Southeast Asian foot-and-mouth disease viruses in eastern Asia.
FMDV serotypes O, A, and Asia 1 are endemic to countries in mainland Southeast Asia (Cambodia, Laos, peninsula Malaysia, Myanmar, Thailand, and Vietnam) where regular outbreaks of FMD have been reported (1,2). Viral protein 1 (VP1) nucleotide sequence data are widely used for phylogenetic analyses (2,3) and have been used to characterize different FMDV lineages in Southeast Asia and track transboundary movements of the virus. Studies have shown close epidemiologic links between field outbreaks in countries in Southeast Asia (4-6).

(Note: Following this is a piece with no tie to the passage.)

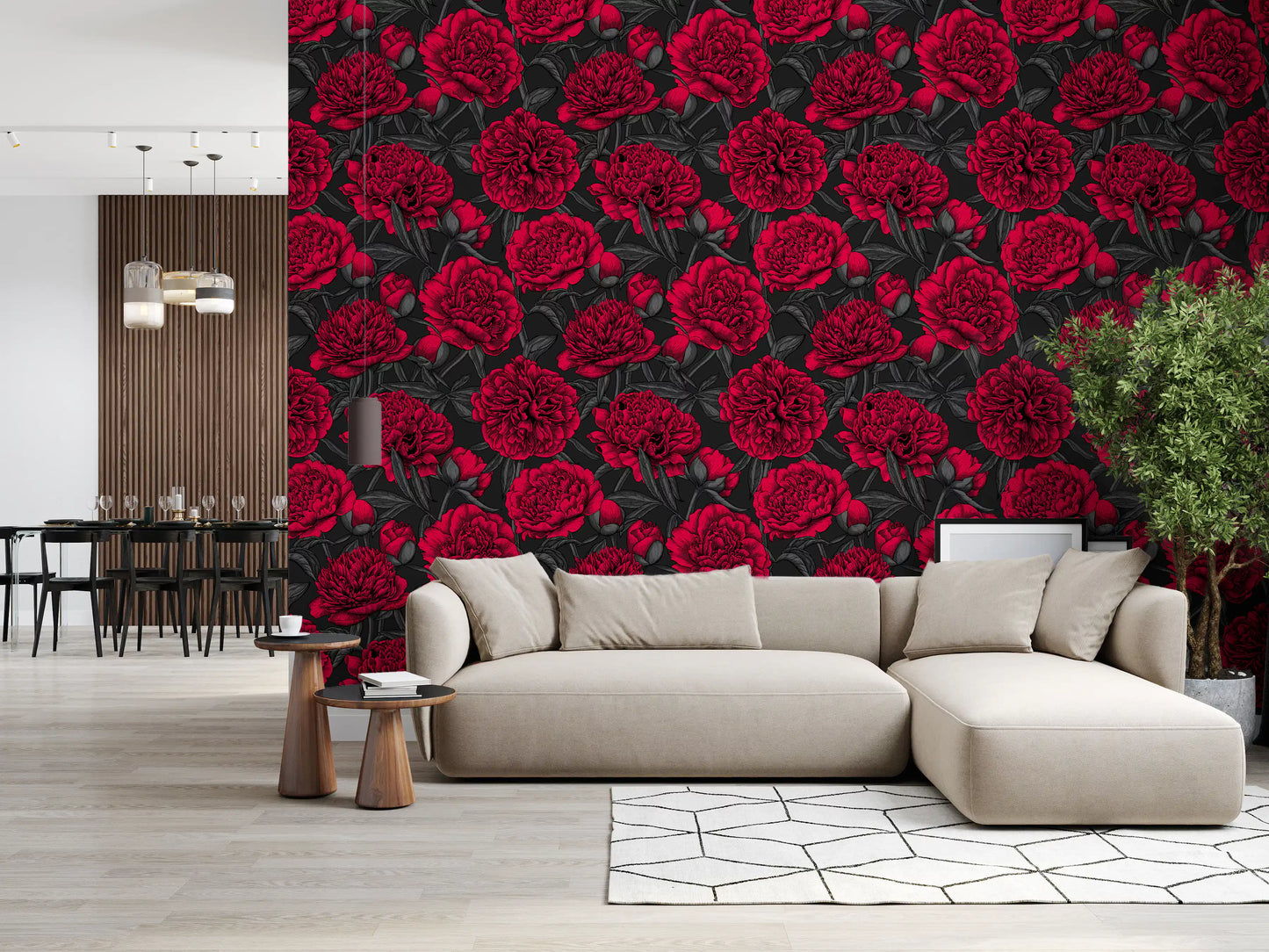 Crimson peonies bloom in full detail across this dark floral wallpaper.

During 2009-2010, the geographic range of 2 FMDV lineages endemic to Southeast Asia (serotypes A and O) expanded into eastern Asia and caused outbreaks in 6 countries in the region. Although outbreaks of FMD caused by serotype Asia 1 have been recently reported (2005-2009) (7), there have been no reported outbreaks caused by serotype A in eastern Asia since 1973.
Furthermore, serotype O strains from Southeast Asia have not been detected in countries in eastern Asia since 2004 when samples were sent to the Federal Centre for Animal Health (Vladimir, Russia) from Mongolia (GenBank accession no. JQ070317) (online Appendix Figure, wwwnc.cdc.gov/EID/article/18/3/11-0908-FA1.htm). In 1999-2002, extensive outbreaks caused by the PanAsia strain of serotype O were reported in Japan, South Korea, China, Taiwan, and Russia (8-10). The purpose of this study was to determine the origins of recent FMD outbreaks in eastern Asia.

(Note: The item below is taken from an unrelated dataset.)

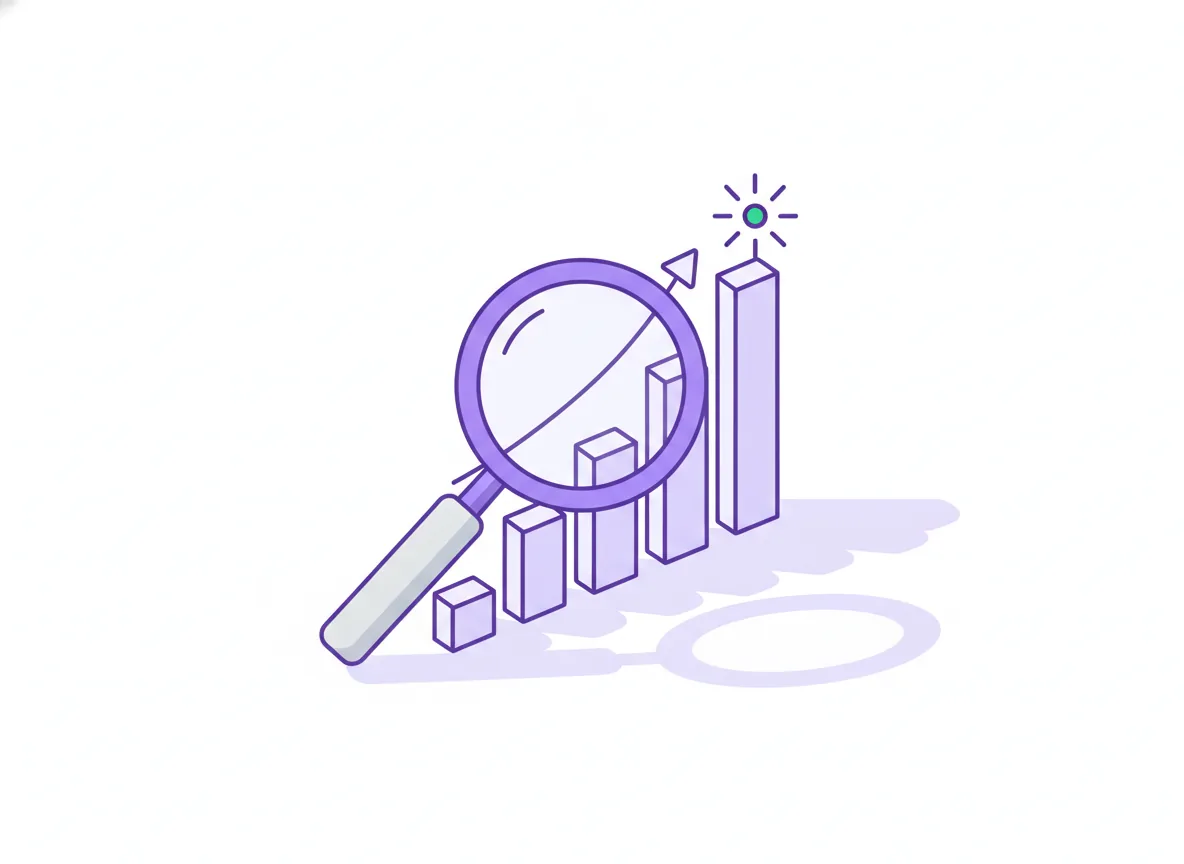 A magnifying glass inspecting a rising visibility chart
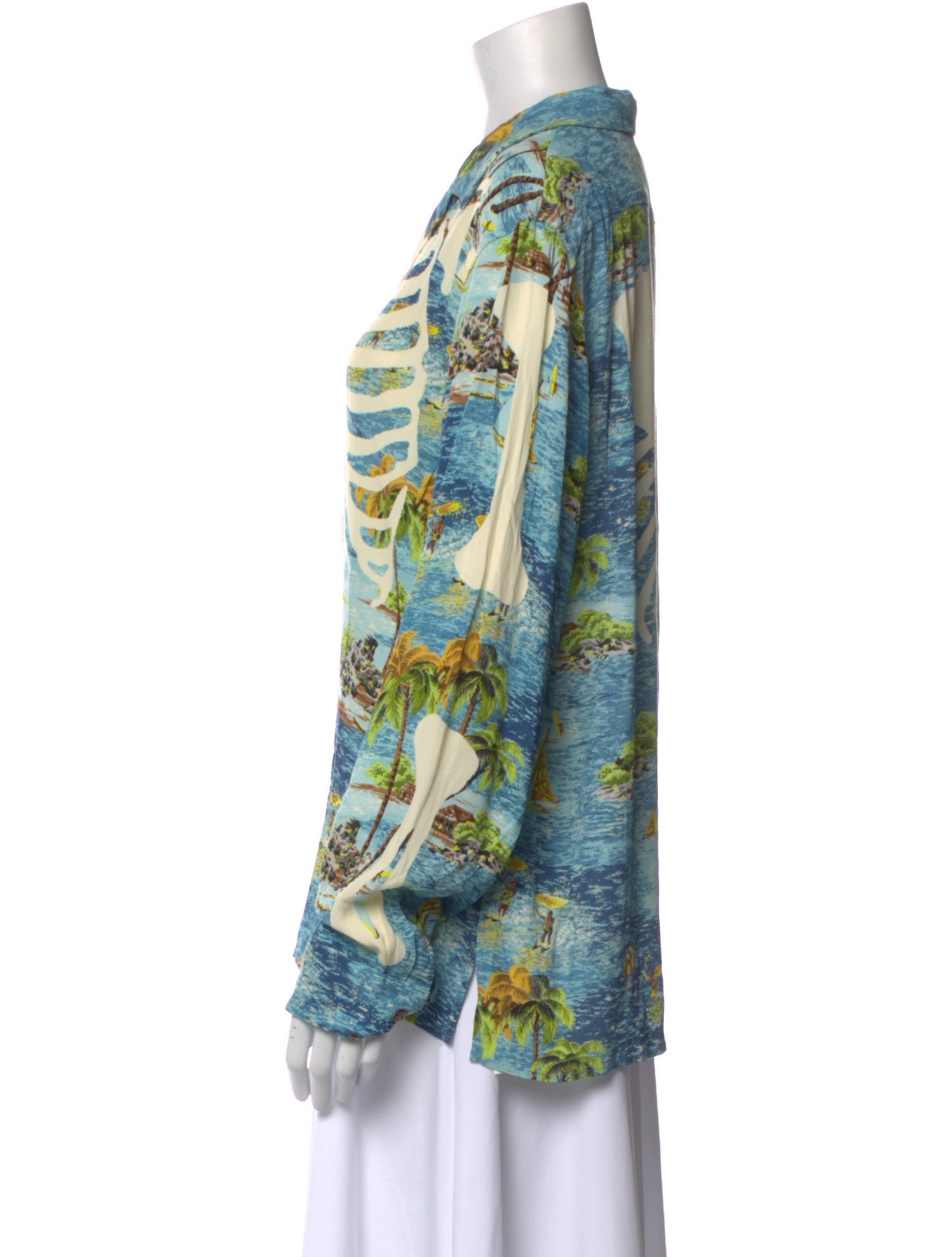 Kapital Printed Long Sleeve Button-Up Top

FMDVs characterized by antigen ELISA as serotype A were isolated from samples collected from FMD field outbreaks in Hubei Province, China, and in Gyeonggido Province, South Korea. Before FMD cases appeared in China in January 2009, serotype A infections had not occurred in that country China since 1964 (11), and until serotype A appeared in South Korea in January 2010, that country had been free of FMD without vaccination (for all FMDV serotypes) since 2002.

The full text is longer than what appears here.